» **DIRECTIONS FOR THIS TASK**
Find the string "with" in the data, then copy every line where it is found.

» **EXTRACTED INFORMATION**
____________________

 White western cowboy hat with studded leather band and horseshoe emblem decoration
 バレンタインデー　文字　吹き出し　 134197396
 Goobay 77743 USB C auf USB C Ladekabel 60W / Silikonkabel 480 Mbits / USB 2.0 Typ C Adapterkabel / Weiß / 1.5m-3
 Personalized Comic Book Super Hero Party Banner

____________________

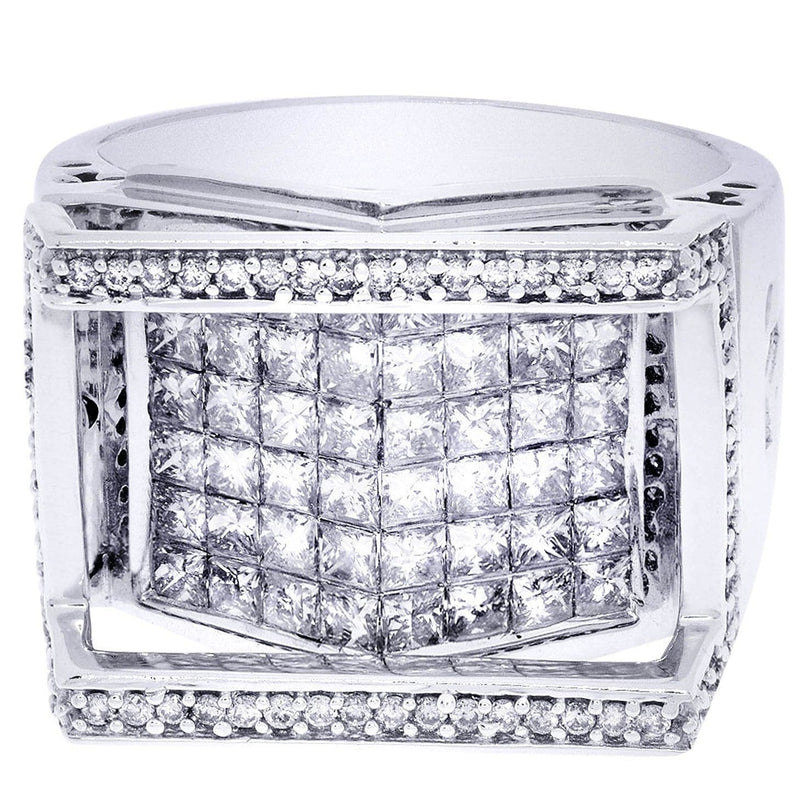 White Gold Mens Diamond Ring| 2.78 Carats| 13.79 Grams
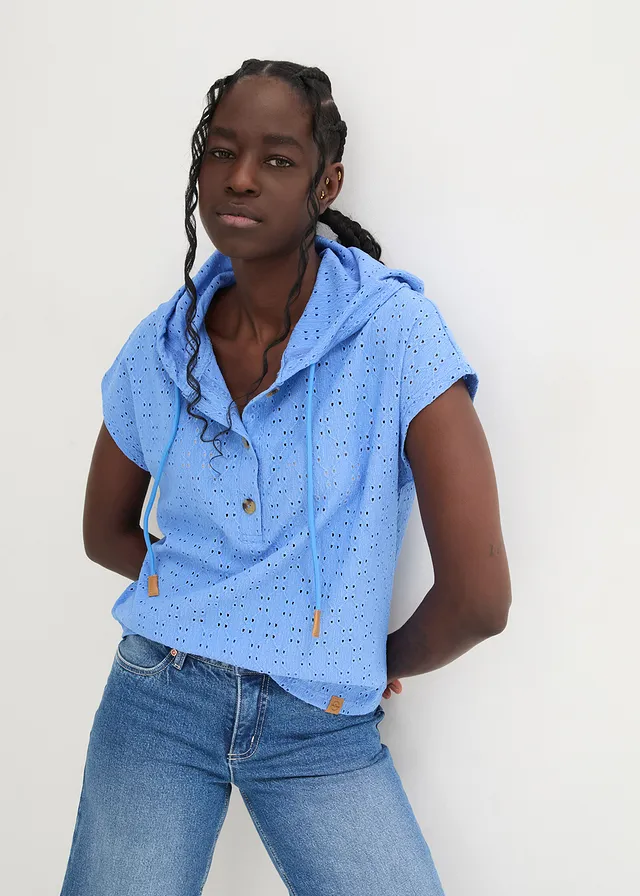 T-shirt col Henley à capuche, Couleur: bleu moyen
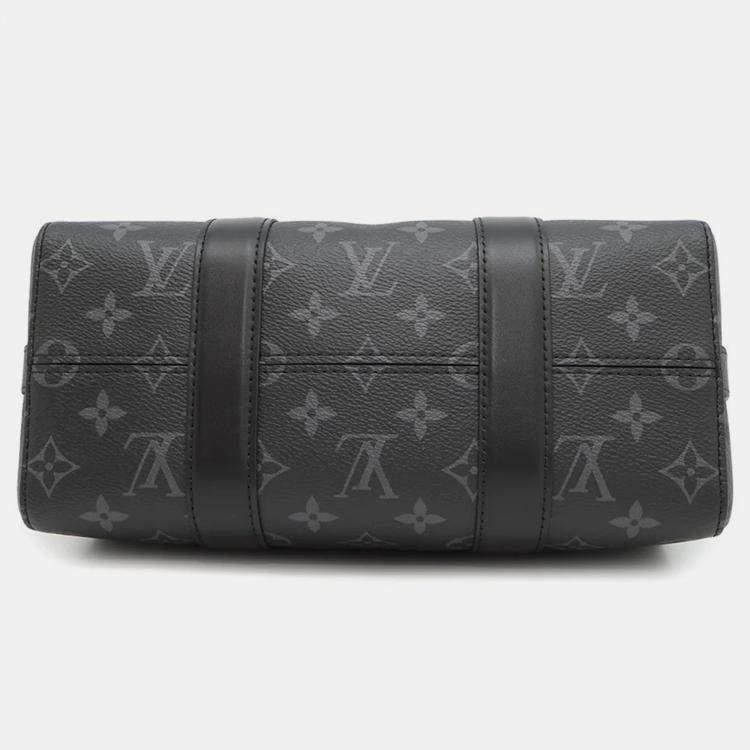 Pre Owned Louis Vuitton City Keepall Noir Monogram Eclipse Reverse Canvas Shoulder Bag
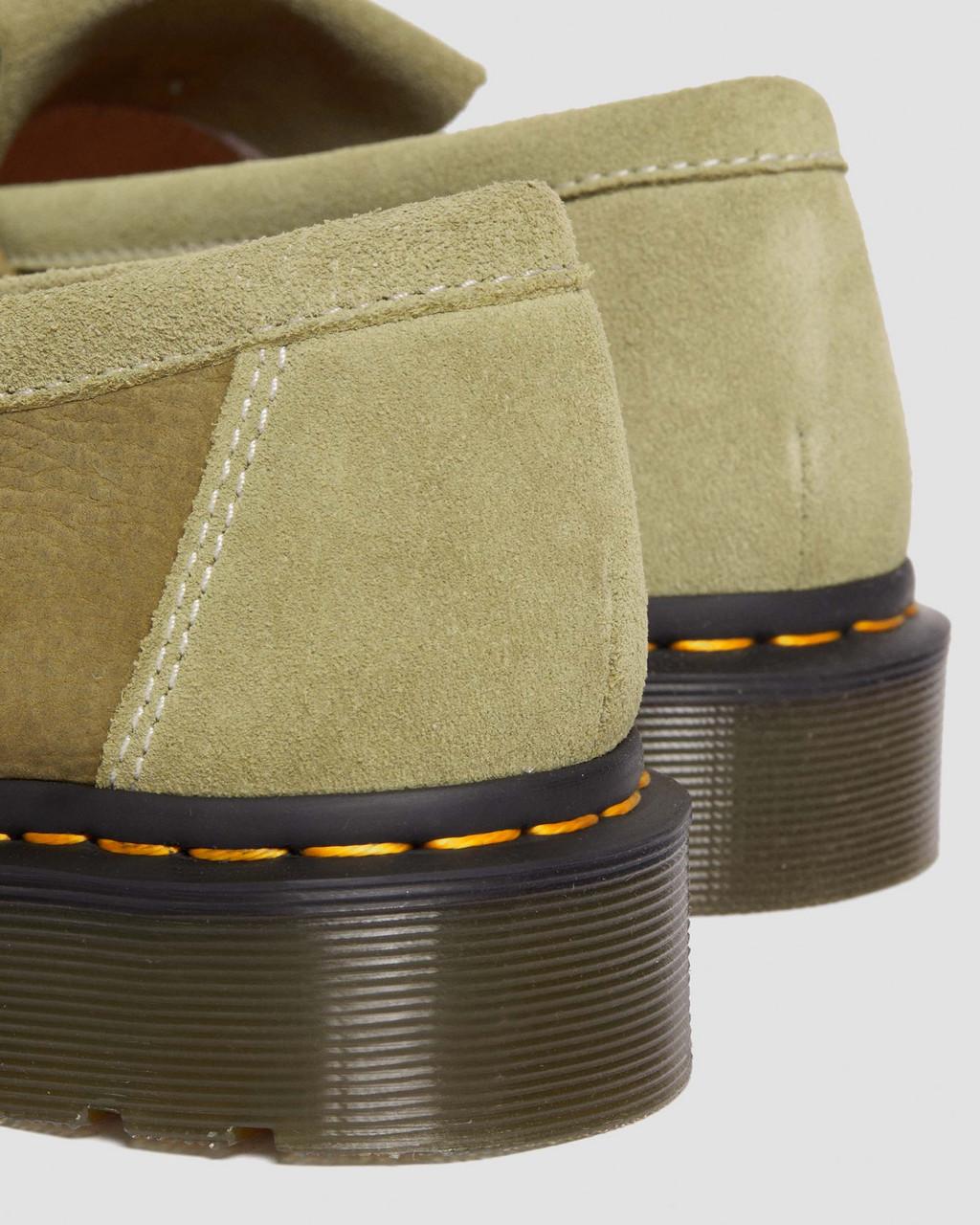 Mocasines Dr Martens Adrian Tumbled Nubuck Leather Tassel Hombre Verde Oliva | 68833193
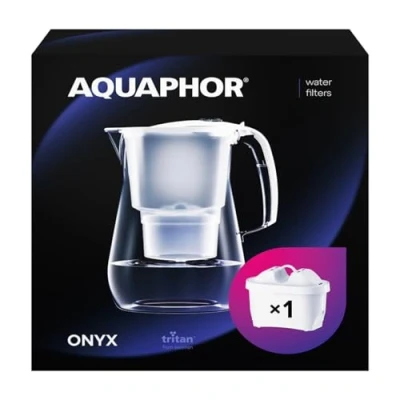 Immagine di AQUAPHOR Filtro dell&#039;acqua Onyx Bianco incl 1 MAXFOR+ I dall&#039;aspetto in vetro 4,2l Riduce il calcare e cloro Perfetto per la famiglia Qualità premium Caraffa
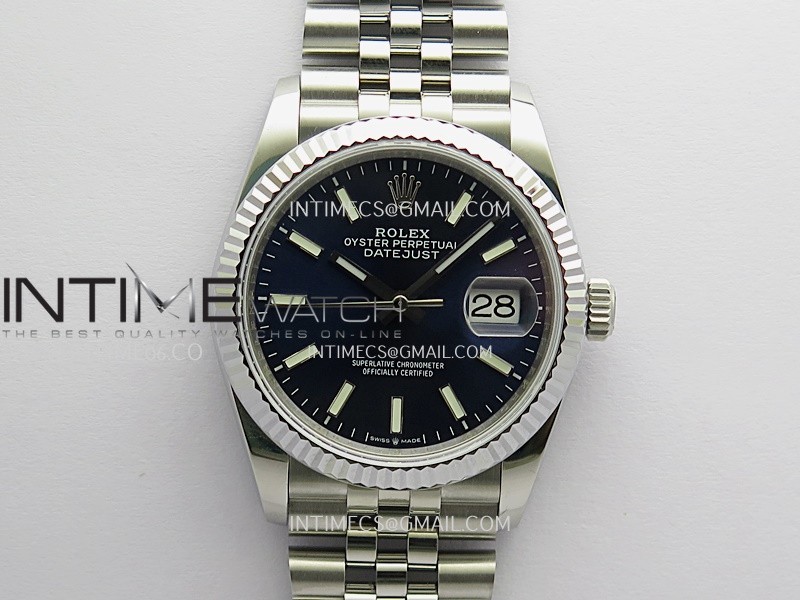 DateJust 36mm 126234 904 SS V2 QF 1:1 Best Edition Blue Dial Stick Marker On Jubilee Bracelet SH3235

____________________

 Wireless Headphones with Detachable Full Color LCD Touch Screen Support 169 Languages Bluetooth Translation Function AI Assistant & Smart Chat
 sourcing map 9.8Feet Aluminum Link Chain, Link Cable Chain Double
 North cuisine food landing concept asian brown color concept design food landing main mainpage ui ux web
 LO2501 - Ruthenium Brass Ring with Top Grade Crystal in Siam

____________________

» **ANSWER BOX**
 White western cowboy hat with studded leather band and horseshoe emblem decoration
 Wireless Headphones with Detachable Full Color LCD Touch Screen Support 169 Languages Bluetooth Translation Function AI Assistant & Smart Chat
 LO2501 - Ruthenium Brass Ring with Top Grade Crystal in Siam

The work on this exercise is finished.